Chaque leçon d'Assimil est encore suivie de deux exercices, un exercice de version et un exercice de thème où il faut compléter les trous, dans les deux cas en reprenant surtout le vocabulaire de la leçon qui vient d'être vue. L'exercice de version me semble particulièrement important, j'essaie de le faire uniquement à partir des enregistrements (pour m'exercer à la compréhension orale) et je ne regarde le texte écrit que lorsque cinq ou six écoutes m'ont persuadé que je ne comprendrai décidément pas la phrase, et que je n'arrive même pas à trouver dans le lexique de quel(s) mot(s) il peut s'agir. L'exercice de thème me semble moins utile, parce que bien souvent, même avec juste des pointillés à compléter, on ne peut pas vraiment deviner quelle tournure ils veulent vous faire retrouver. Je complète le plus souvent en réécoutant des phrases tirées au hasard par mon ordinateur parmi les 10–20 dernières leçons (et leurs exercices de version) ; pour le chinois, j'ajoute encore l'exercice de reconnaître les tons (et autres phonèmes délicats) des phrases que j'entends, en revanche j'ai déjà à peu près abandonné l'idée d'apprendre un nombre non-complètement-ridicule d'idéogrammes (même si je me suis fait un petit jeu en JavaScript pour ça).
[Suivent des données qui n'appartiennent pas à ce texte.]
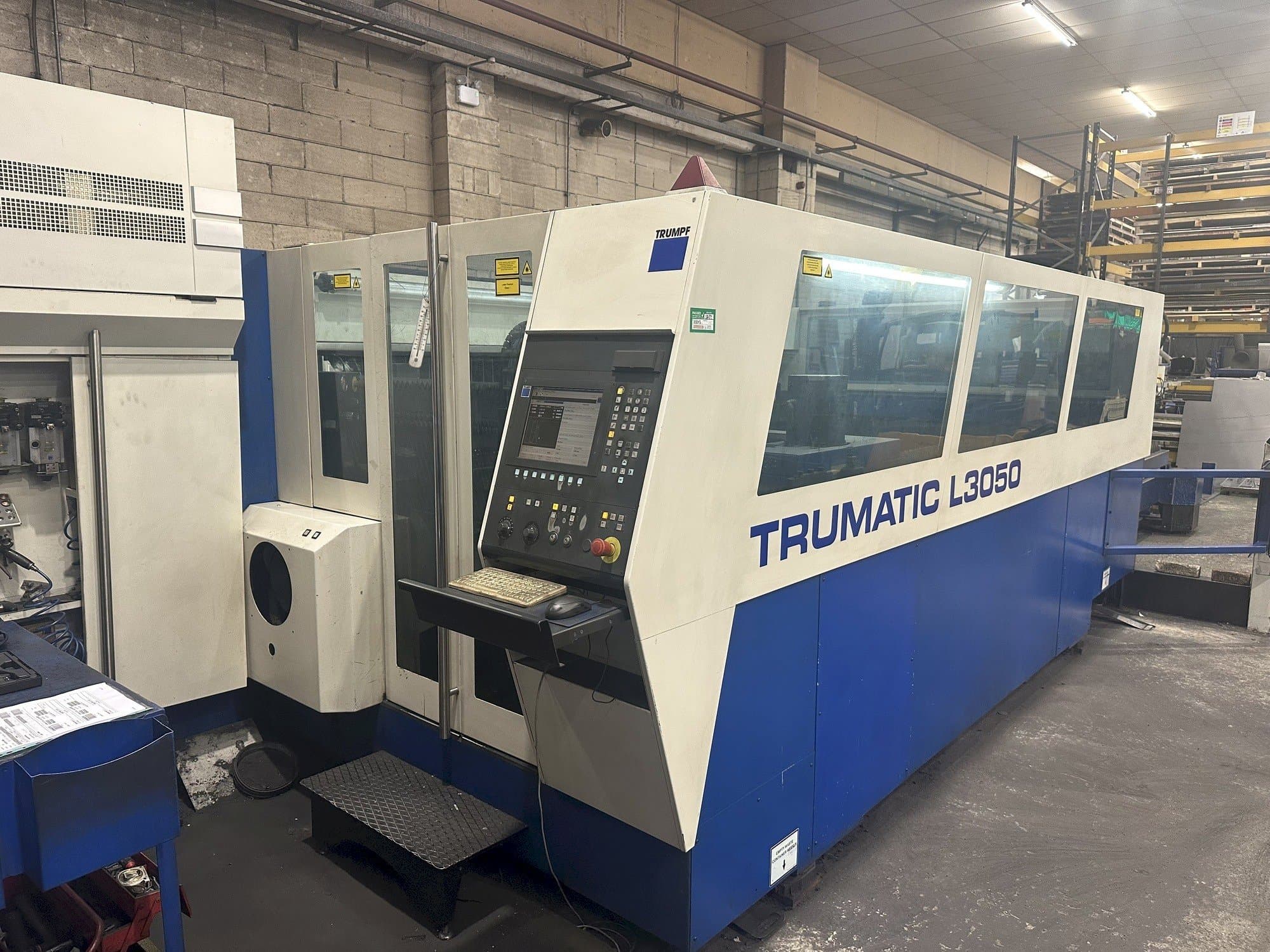Frontansicht der Trumpf Trumatic L3050 Maschine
Si j'en profite pour donner un état d'avancement de mon expérience mnémurgique consistant à voir comment j'arrive à mémoriser le chinois, elle est peu concluante : je suis un peu moins mauvais que je pensais pour retenir des idéogrammes, mais ça demande quand même énormément d'efforts et ça ne m'intéresse pas assez pour que je déploie la motivation correspondante (il faut bien le dire franchement, ce système d'écriture est vraiment d'une connerie hallucinante) ; j'arrive à peu près à mémoriser les tons des mots chinois que je retiens, mais je ne sais pas bien si je les mémorise comme faisant partie intégrante de la phonétique du mot ou si ça reste dans mon cerveau comme une donnée annexe.